I hope this is an oversight on his part, and that organizations adopted some form of modified consensus. Don’t get me wrong: I believe total consensus is desirable, but I’ve never seen it work within the confines of regular people’s lives; most people don’t have the time to debate so long that a total consensus emerges, so oftentimes, an organization is paralyzed by this requirement.
In other words, I’d argue the superiority of a “modified consensus” process, where decisions are placed into two different categories—critical and non-critical—with different levels of “consensus” required for each. For example, while total consensus is desirable, non-critical issues could be addressed by a 50% +1 voting system so the organization doesn’t get bogged down in non-essential issues. Likewise, critical issues should require a “supermajority” of 67 or 70 or 75% of those present so that only a large majority can make decisions on crucial issues; this, in turn, prevents games being played to get that 50% +1 level, and reduce splitting of an organization over relatively minor points. Doing this would allow even critical issues to be resolved although requiring a significantly higher level of agreement than a simple majority.
At the same time, Bevins doesn’t understand—at least in the book—the fact that the US is an Empire, and that the United States is the homeland of it; thus, money expanded on the military and/or shipping arms to subordinate states to help protect them from their citizens—i.e., to maintain the Empire—is money taken away from Americans either directly from not being spent on items such as health care, education, climate mitigation, infrastructure maintenance, etc., or indirectly by expenditures beyond a balanced budget and thus going to pay hundreds of millions of dollars in interest yearly to rich individuals and countries who buy US bonds (while our national debt has exploded by over $32 trillion since 1981).
In other words, I argue it important to at least recognize the potential of mass actions in the United States (and other imperial countries) as they will or will not effect the ability of each subordinate country to change its relationship to the Empire.
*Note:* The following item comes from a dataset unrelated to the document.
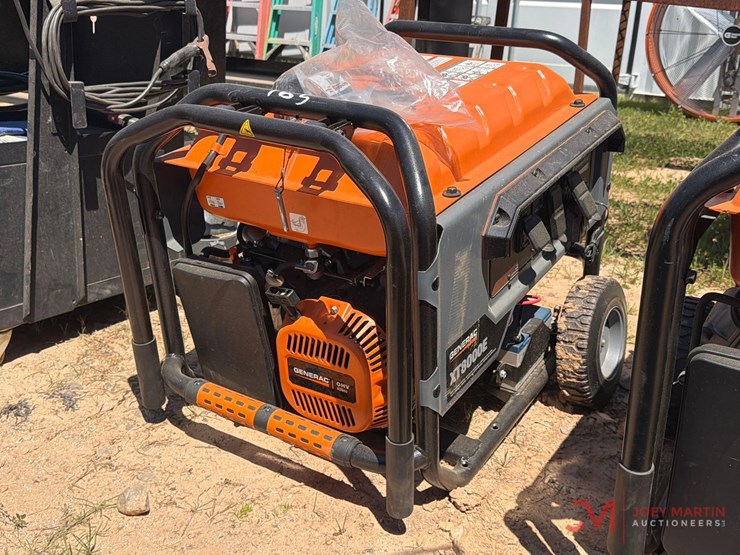 new/unused-generac-xt800e-portable-generator-image-4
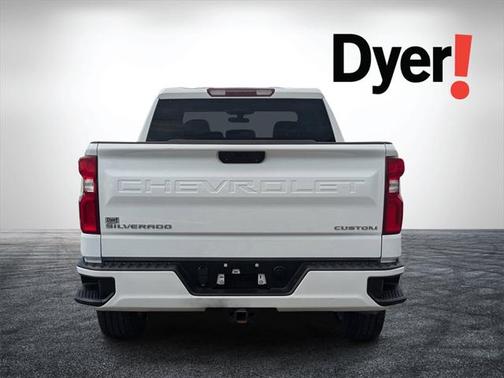 2022 Chevrolet Silverado 1500 Custom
Yet, I argue they must be considered.
While the right has done (unfortunately) a magnificent job in demonizing the left over the years, and especially the terms “socialism” and “communism,” the reality of increasing impoverishment and economic inequality, reduced opportunity for younger people in general, and increasingly recognized bankruptcy of the established political system, offers the left (however defined) an increasing opportunity to reach out to “ordinary” Americans in ways they’ve been unable to utilize in the post-World War II period (post-1945). Whether the left can take advantage of this opening in the US remains to be seen, but it certainly suggests that shifting attention from a national to a global level (as Bevins implies) needs to address questions of building global solidarity between those in the imperial and formerly colonized countries in ways that supports organization from below around the world wherever it can be established.
In short, I think Vincent Bevins has written an extremely important book that should be widely and critically read, especially by activists as well as scholars. There is a lot of extremely important description and analysis to be processed, while arguing he could have gone further. Nonetheless, I think he’s to be congratulated for a major accomplishment!